Rosenthal & Rosenthal completed two recent asset-based lending transactions totaling $8 million.

The first transaction was with a New York-based corporate uniform manufacturer for fast casual restaurants, grocers and convenience stores that was in need of additional working capital to support growth. The company was expanding its business with new and existing clients that were requesting longer sales terms and larger inventory replenishment levels. As a family-owned business, the company was looking for more flexibility from a non-bank lender that could offer less restrictive covenants and grow with the business over time. An accountant referred the company to Rosenthal, which provided a $3 million asset-based lending facility against receivables and inventory to support the working capital needs of the business as it expanded.

“Our asset-based lending facilities are an excellent solution for rapidly growing companies looking to take advantage of sizeable and fast-moving sales opportunities,” Andrew Barone, senior vice president at Rosenthal & Rosenthal, said.

The second transaction was with a Florida-based paper converter and manufacturer of bathroom tissue and paper towels that was faced with a conservative borrowing base and tight availability with its existing commercial bank lender. Seeking an alternative financing solution, the company engaged a debt placement consultant who referred it to Rosenthal.

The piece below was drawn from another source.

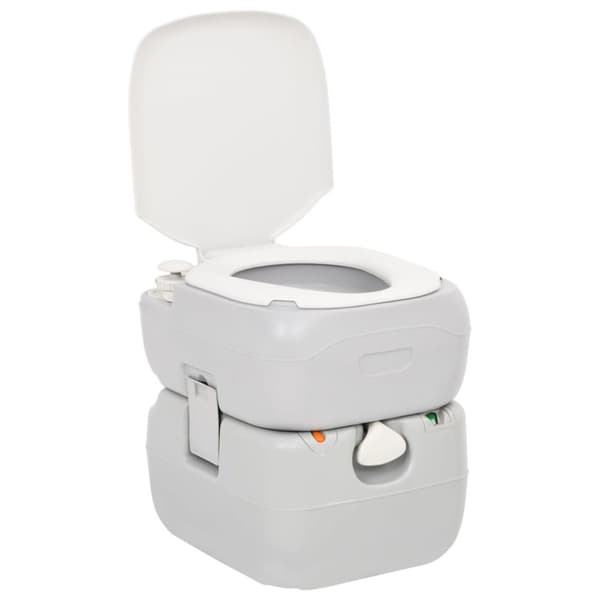 transportabelt campingtoilet og håndvask med vandbeholder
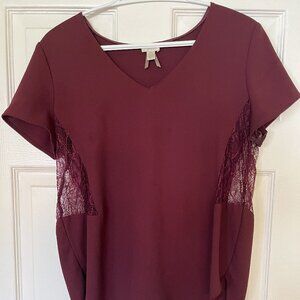 Dynamite Top with Side Patterned Cutouts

Rosenthal provided a $5 million asset-based lending facility against receivables and inventory to support the client’s working capital needs.

“Rosenthal’s alternative financing facilities are attractive to many companies that are looking for a lender who better understands their business, offers more flexibility and has the ability to unlock additional liquidity to grow their business,” Robert Schnitzer, senior vice president of business development at Rosenthal & Rosenthal, said.